The "fly" sweep will likely be a play UW coach Steve Sarkisian continues to put in the game plan, even against fast and aggressive defenses such as Arizona State coming in Saturday.
"Every game varies, and this Arizona State defense is very fast, so I don't know how lateral we can really attack them," Sarkisian said. "But it is a part of our offense. It just varies game to game how much we use it."
Some bullet points from Sarkisian's final press conference Thursday after practice:
On Kohler: "Even if he is capable of playing I don't know that we would play him the whole game, a guy just coming off the flu. So, we'll just kind of assess it as the game goes.
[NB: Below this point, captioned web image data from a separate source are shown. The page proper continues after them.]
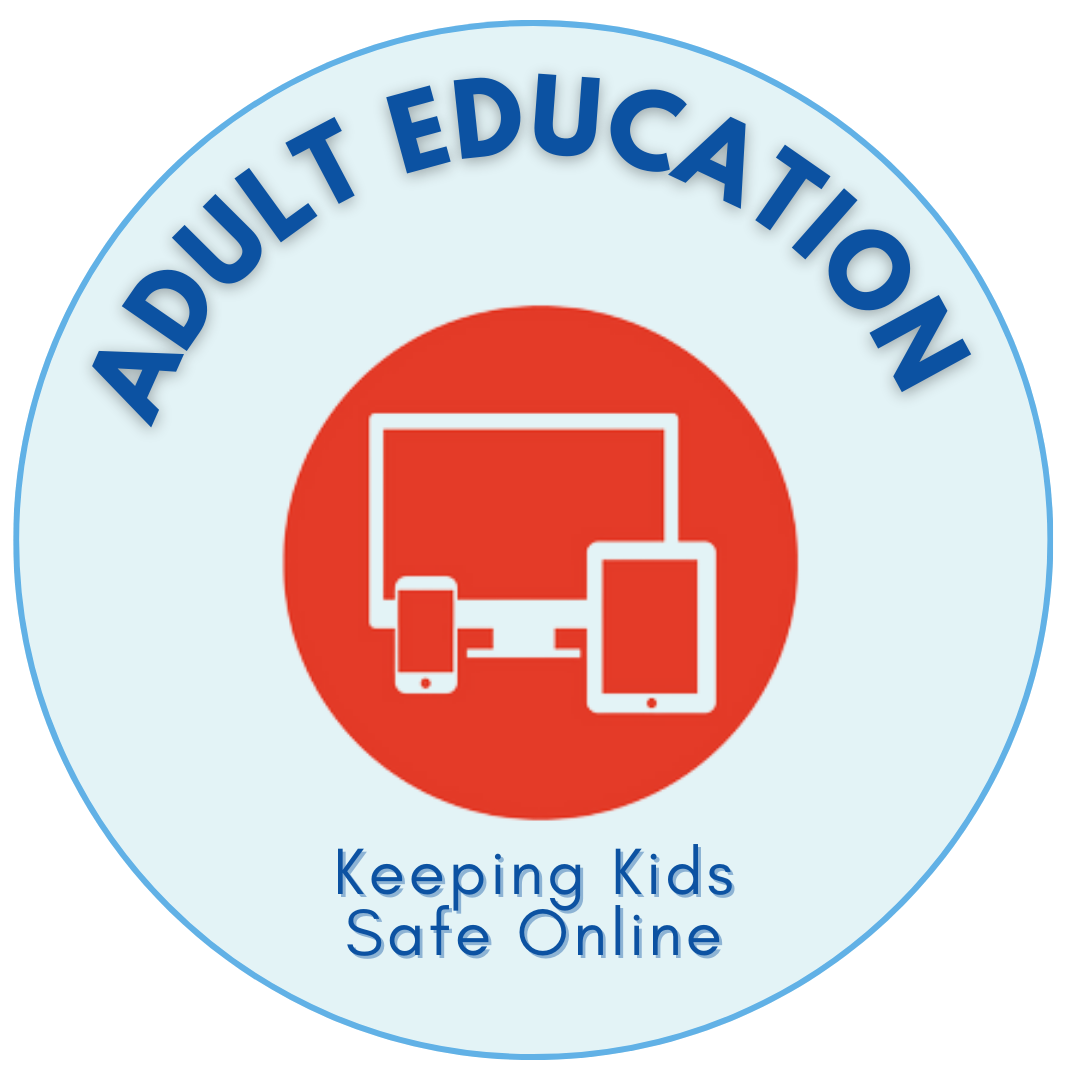 Keeping Kids Safe Online Training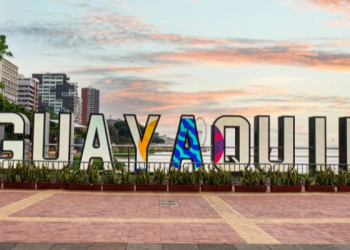 La batalla por Guayaquil se enciende con nuevos nombres para Alcaldía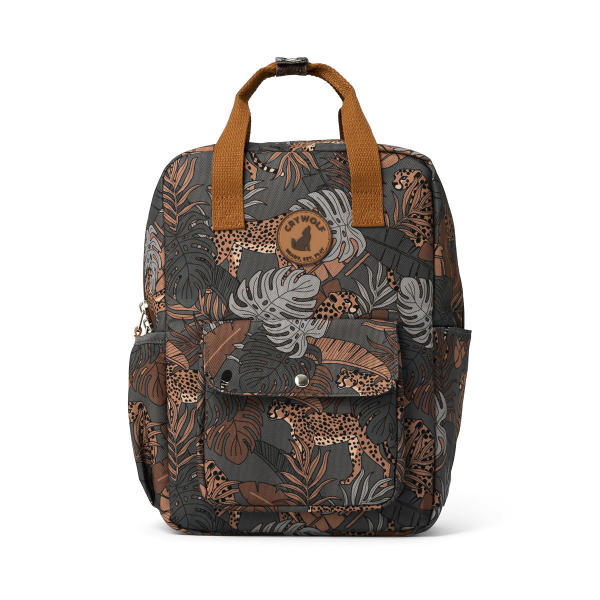 CRYWOLF Mini Backpack - Jungle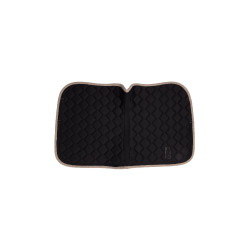 Tapis de dressage B Vertigo High Altitude Brun boue Beige Tapis de dressage B Vertigo High Altitude Brun boue Beige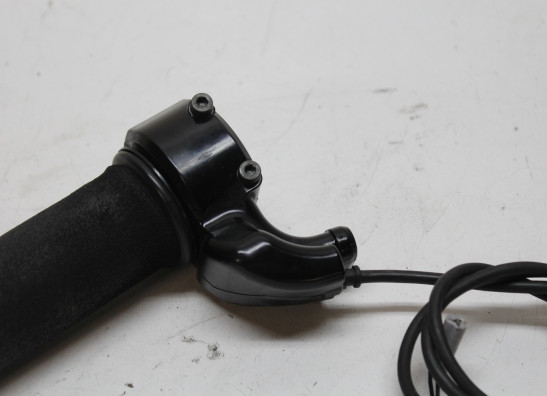 Gasgriff Yamaha FJR 1300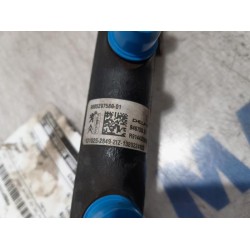 Peugeot - Expert - Galerij (Injectie)
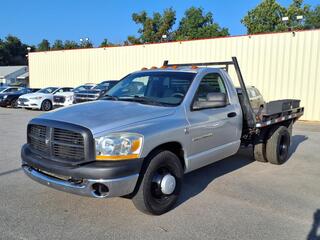 2006 Dodge Ram 3500
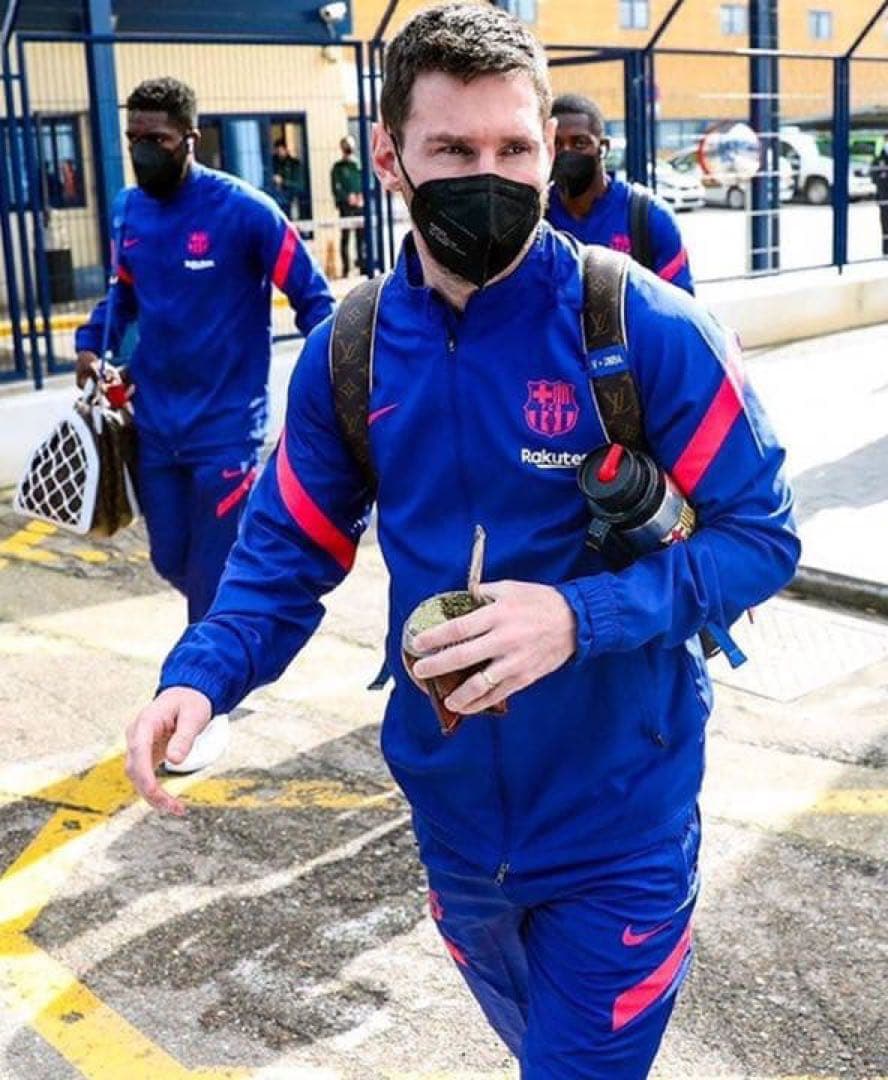 ウェア NIKE Barcelona Dri-FIT Strike setup US M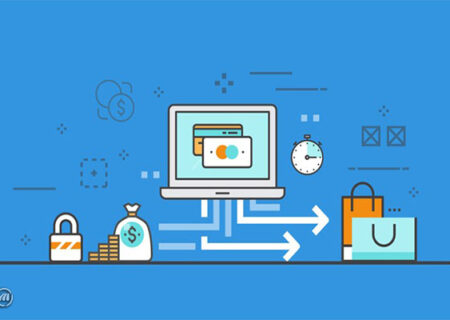 درگاه پرداخت: پلی به سوی تجارت الکترونیک مدرن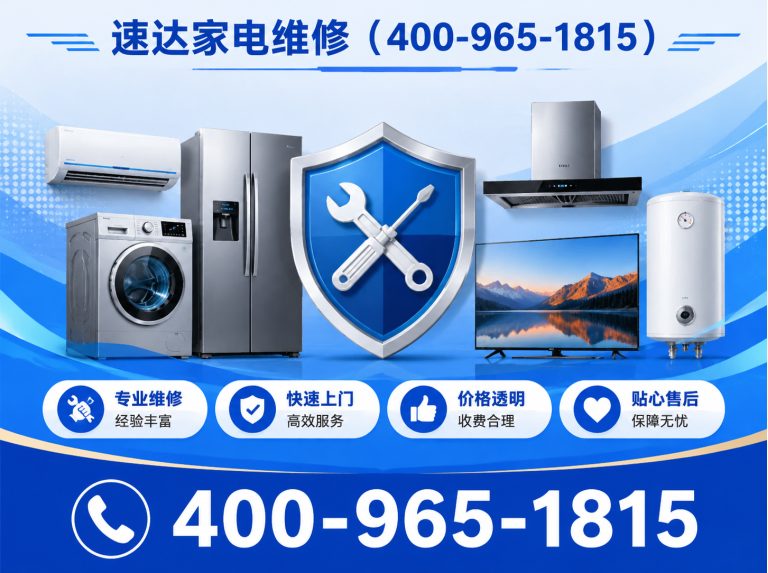 柳州全国上门维修展示图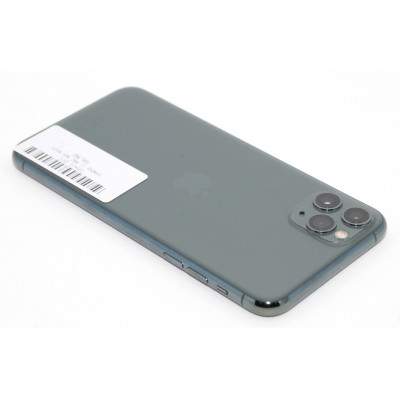 IPHONE 11 PRO MAX 64GB VERDE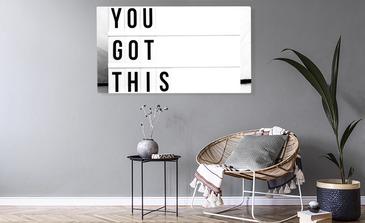 Visualisation du produit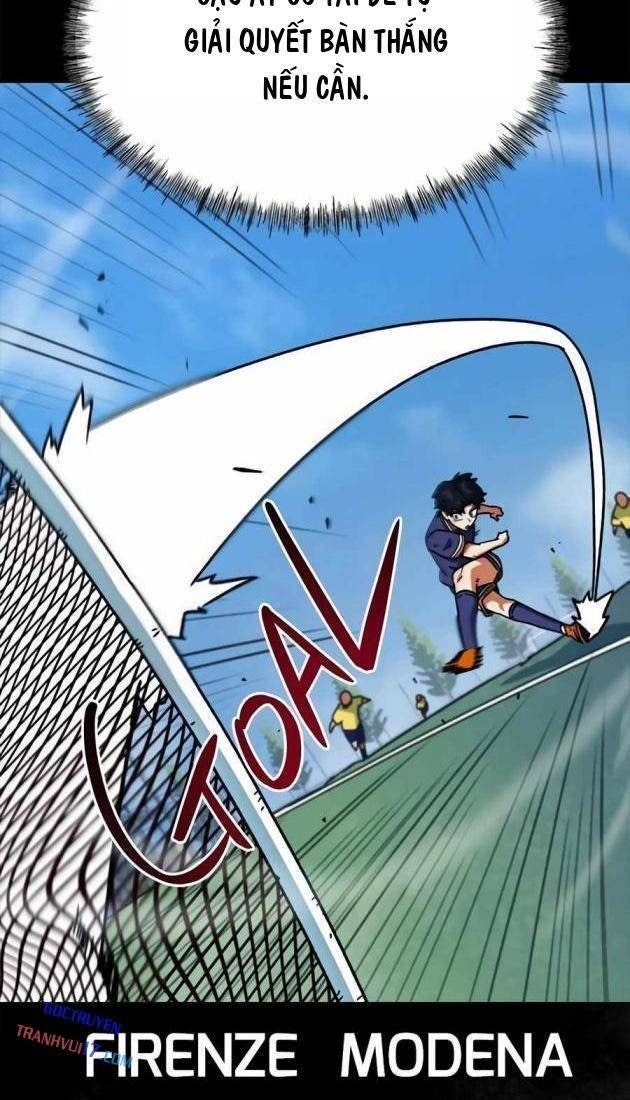 Tôi Bị Hiểu Lầm Là Siêu Sao Trên Sân Cỏ - Page 96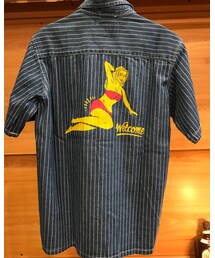 ZOWL | シャツ/ブラウス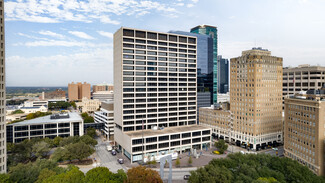 More details for 500 W 7th St, Fort Worth, TX - Office for Lease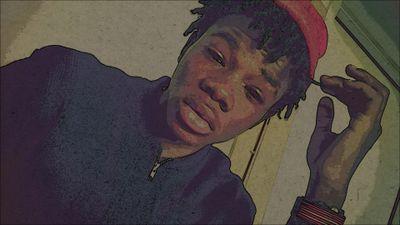 KingMFSwank's profile picture. Astro Physical GQ...God quality indigo... your souls eye see thru.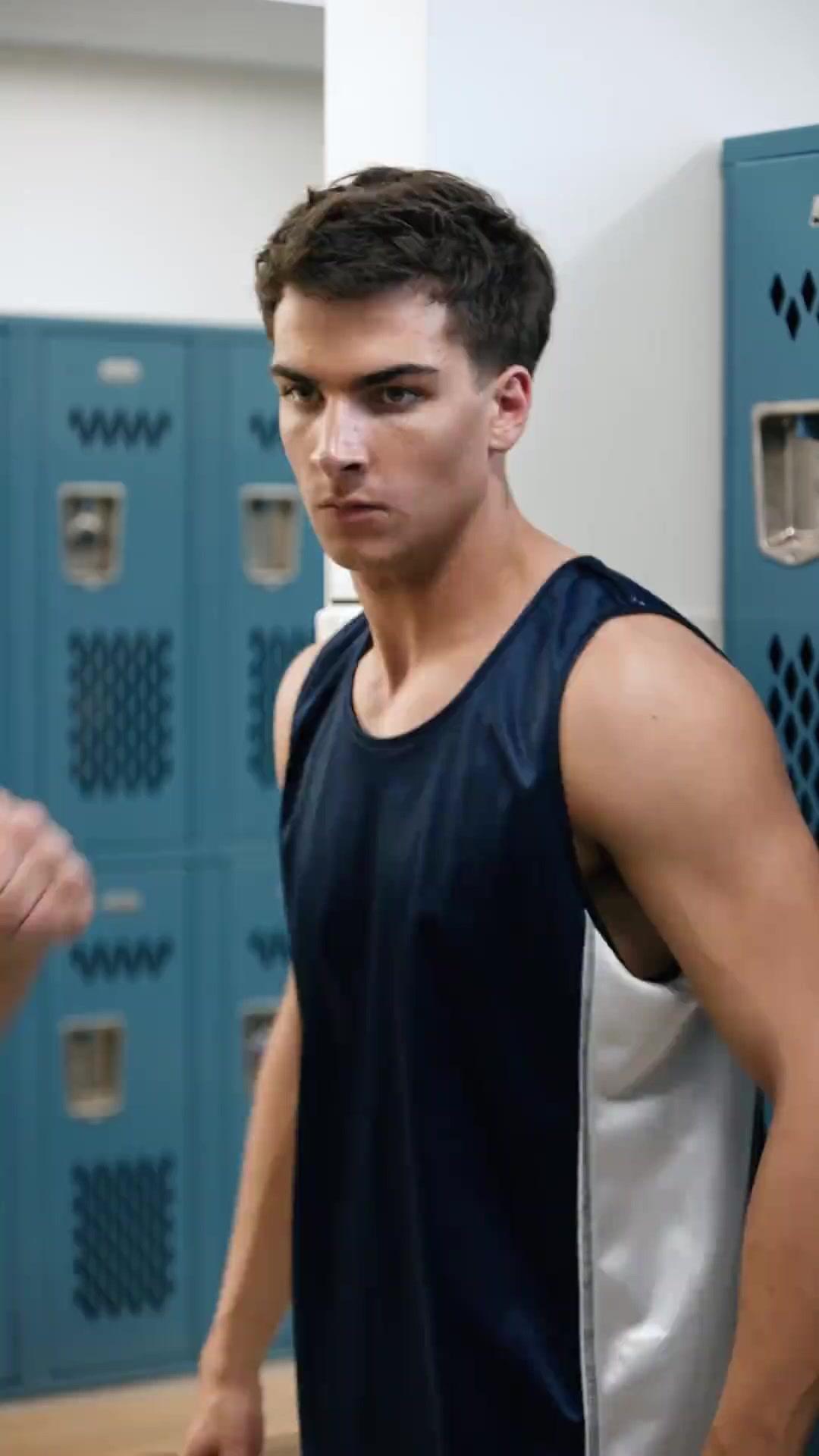 (Doblado) El dios regresó al juego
"I mean, everyone's kind of got the sniffles right now. I don't know if it's the weather changing or what, but I haven't seen it as severe as what Erik has."
Expect Gregory Christine and Colin Porter to shoulder a good deal, if not all of the workload at left guard – with Christine getting the start of Kohler is unable to.
It's an issue Sarkisian would like to see disappear.
"I don't want to have to keep looking up at the scoreboard and we are down seven (points), down 10 and we come storming back. I would like to get off to a good start," the second-year UW coach said.
"I'm not sure (why it's happened), in all honesty. Part of it is we like to defer so we get the extra position in the second half, which is why we prefer to receive in the second half. And part of it is we haven't been able to get stops early on in games for that first drive, or when we do, we are punting and they get the first score. So part of it is executing the field position part of it, and two, executing on offense and defense in the first couple drives of the game."
"I think the biggest thing we've got to get is our mindset back," Sarkisian said. "I think we're kind of wondering a little too much, in my opinion, at the line of scrimmage and instead of playing really fast, furious defense – we like to be very aggressive, create pressure, which in turn should create turnovers. We haven't created the amount of turnovers that we'd like to create right now."